Things are going to happen
The tipsters will have had their annual field day at the beginning of the year. Now it’s our turn.
By Robert Bound
By the time you read this, you’ll have read a lot of editorial in your daily paper about New Year health regimes, new ways to look at the world in a more spiritual and dare-they-say-it “holistic” way and a number of celebrity chefs, soap actresses and minor-league Cabinet ministers will have been quizzed on the content of their New Year’s Resolutions.
January’s a good month for prediction. It’s a season when tipsters abound and snake-oil sells out. What will we be reading this year now that every Scandinavian over the age of 12 has written a sinister thriller? What will be 2012’s superfood now that they’re selling hemorrhoid-like thimbles of pomegranate seeds in take-away chains? David Guetta: why still?
So I’m going to add to the paperchase. But my tip’s a dead cert. Now, what was there more of in 2011 than in any other year in history? What was the gift that kept on giving, often after you wished it wouldn’t? News. There was so much news that people were insulating their lofts with footage from Benghazi, throwing another log of Greek debt on the fire and blaming freshly fallen reports from the London riots on getting into work late, as if it were a freak snowstorm. The amount of man-hours lost to industry due to news-sickness was in the hundreds of billions of euros (possibly).

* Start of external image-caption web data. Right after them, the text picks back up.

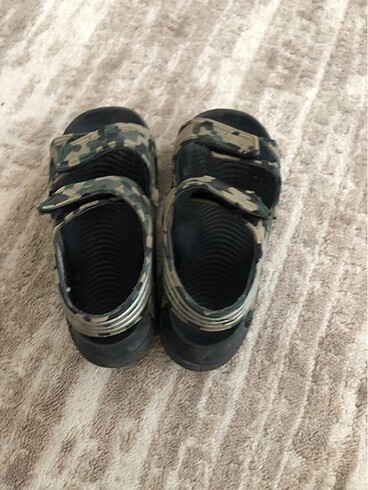 27 Beden çeşitli Renk Adidas çocuk sandalet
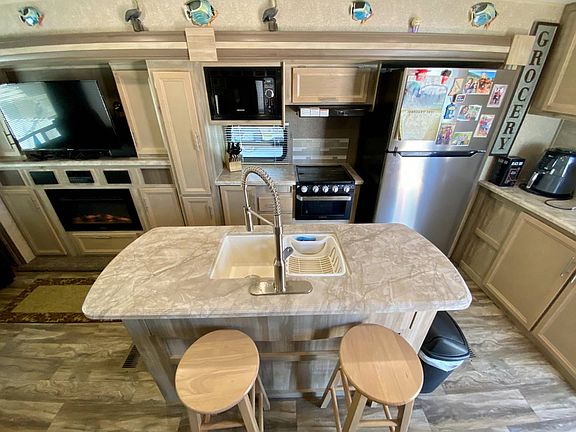 2nd image of 559A Pescado Ln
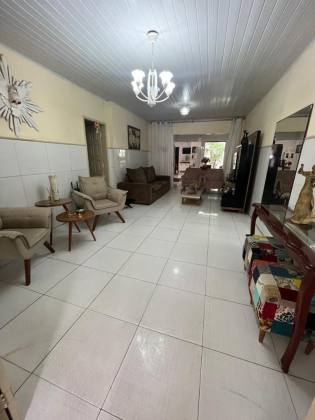 CASA NO BAIRRO INDUSTRIAL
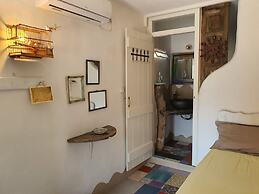 Anthippi Guest House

In 2012, it’s almost certain that lots of things, again, will happen and we’ll be there sucking it up like a race of bulletin-devouring Dysons, a master-race of greedy Henry the Hoovers, gurgling on the carpet-fluff of eurozone squabbles and football gossip. We’re all going to be watching the news, all year. That’s all we have left: an endless cycle of news, fresh from the wires, squiggling at us through the Twittersphere and rolling down the mountain from the again-mighty news organisations. News will be coming at us like a besuited and coiff-haired bullet; we’re going to be wiping squashed news remnants off our radiator grille as we just try to get somewhere safe, somewhere where they don’t know what the outcome of the Egyptian elections is likely to be and are ignorant of who’s topping the medal table in London’s Olympics.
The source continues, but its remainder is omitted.